(THE INPUT)

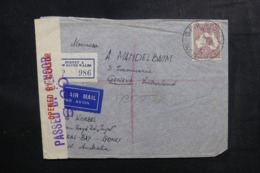 AUSTRALIE - Enveloppe En Recommandé De Sydney Pour La Suisse En 1940 Avec Contrôle Postal - L 48154 - Brieven En Documenten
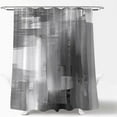 thumbnail image 4 of Abstract Art Shower Curtain Gray Oil Painting Watercolor Grunge Brushstrokes Colorful Art Modern Bathroom Curtain with plastic hook, 4 of 4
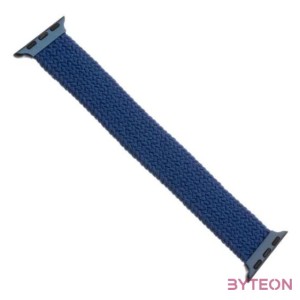 FIXED kötött nylon szíj Apple Watch 42,44mm, S méret, kék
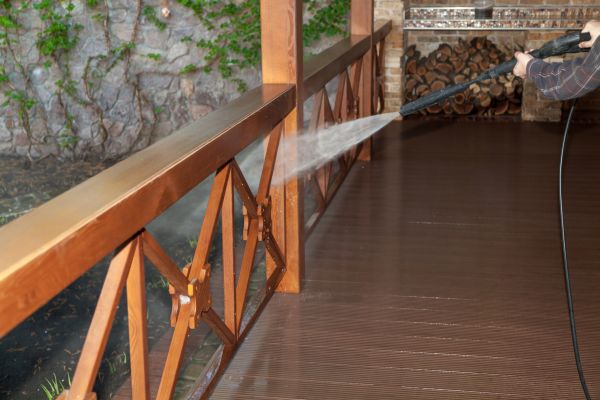 Porch Dirt Removal in Saint Johns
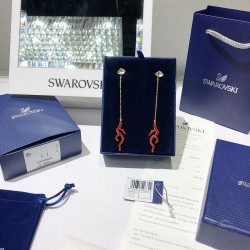 Swarovski Shell Coral Pierced Earrings 5520662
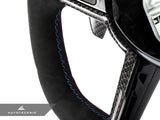 AutoTecknic G8X LCI Alcantara Steering Wheel - G8X M2/ M3/ M4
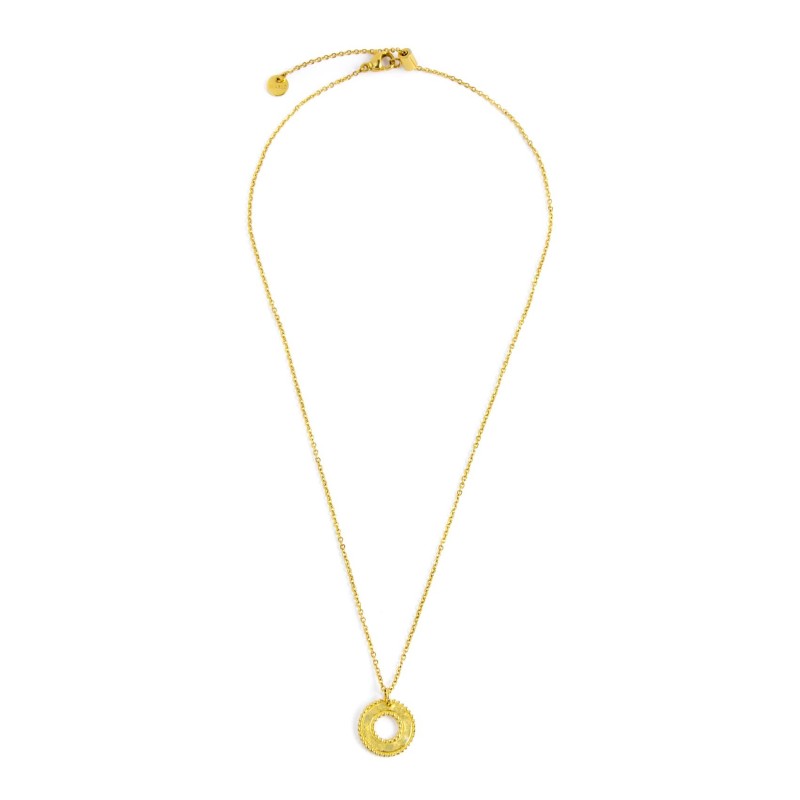 Collana pendente martellato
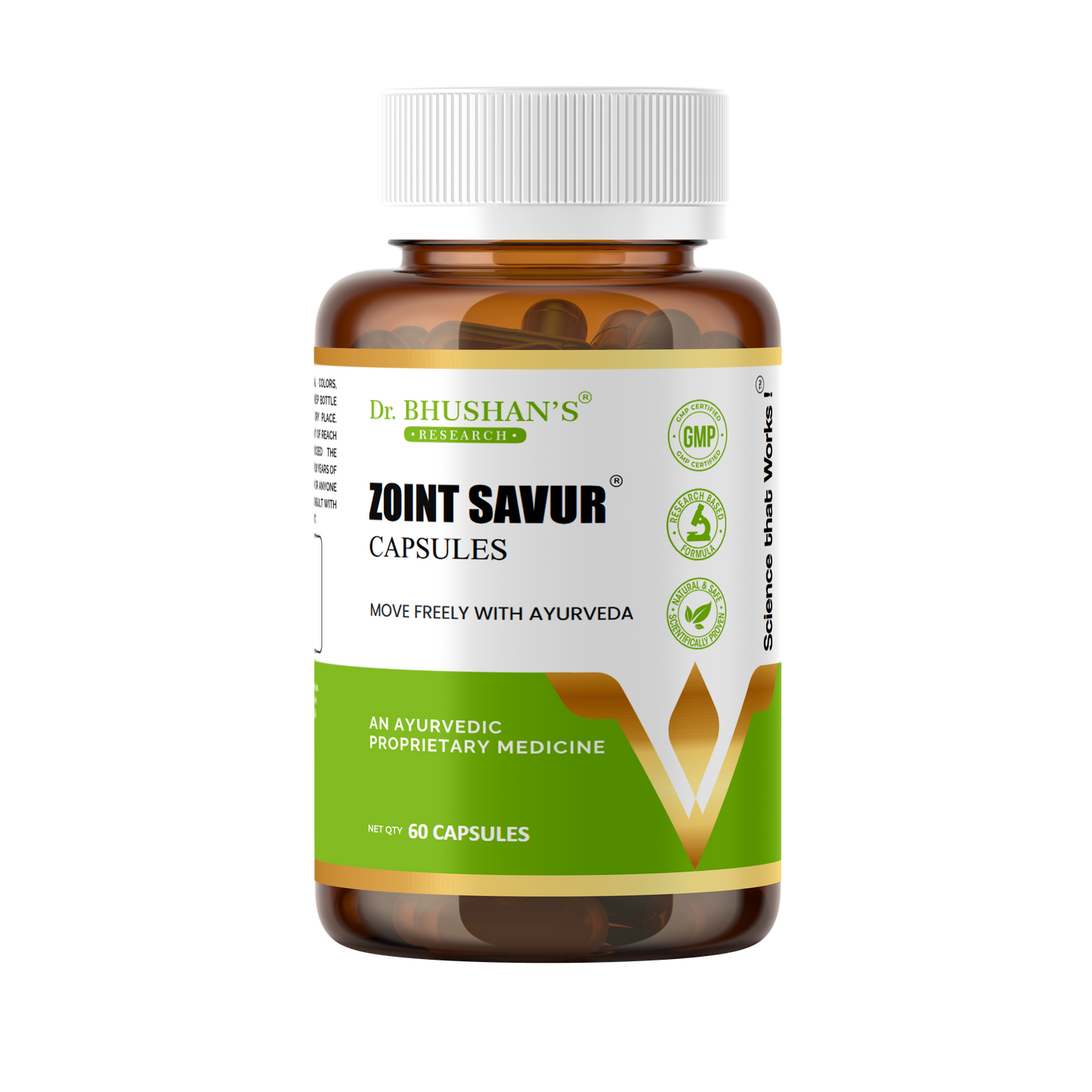 Zoint Savur Capsules for Joint Pain - 60 Capsules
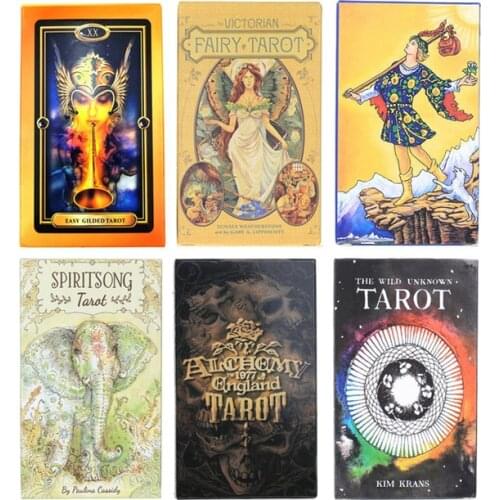 50Pcs/Lot Tarot Cards Mysterious Divination Fate Personal Playing Cards Game For Women English Tarot Deck Board Game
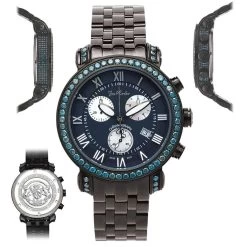 Men's Joe Rodeo Blue Diamond Watch 5.50ct Classic -Fashion Accessories mens joe rodeo blue diamond watch 550ct classic p 35778 main2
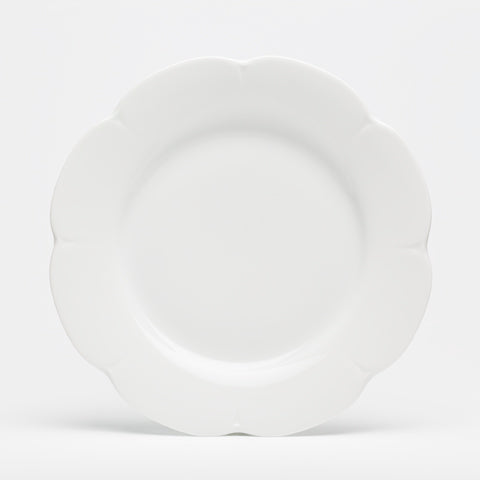 Nymphea White Dinner Plate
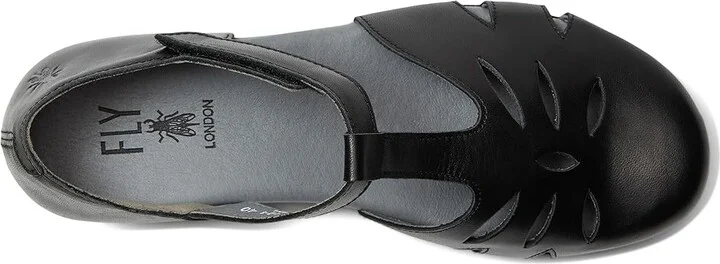 FLY LONDON velt224fly Women's Flat Shoes Black : EU 40 (US Women's 9-9.5) M, Leather - Image 2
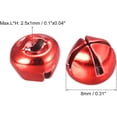 thumbnail image 2 of Jingle Bells, 5/16"(8mm) 80pcs Small Bells for Crafts DIY Christmas, Holiday Decoration, Musical Party, Home, Festival, Wedding, Red, 2 of 5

(WHAT IS REQUIRED) Only the lines from the start of the material through the line containing "thumbnail image 4" should be transcribed. Pictures stay out.

(ANSWER BOX)
 AUSTRALIE - Enveloppe En Recommandé De Sydney Pour La Suisse En 1940 Avec Contrôle Postal - L 48154 - Brieven En Documenten
 thumbnail image 4 of Abstract Art Shower Curtain Gray Oil Painting Watercolor Grunge Brushstrokes Colorful Art Modern Bathroom Curtain with plastic hook, 4 of 4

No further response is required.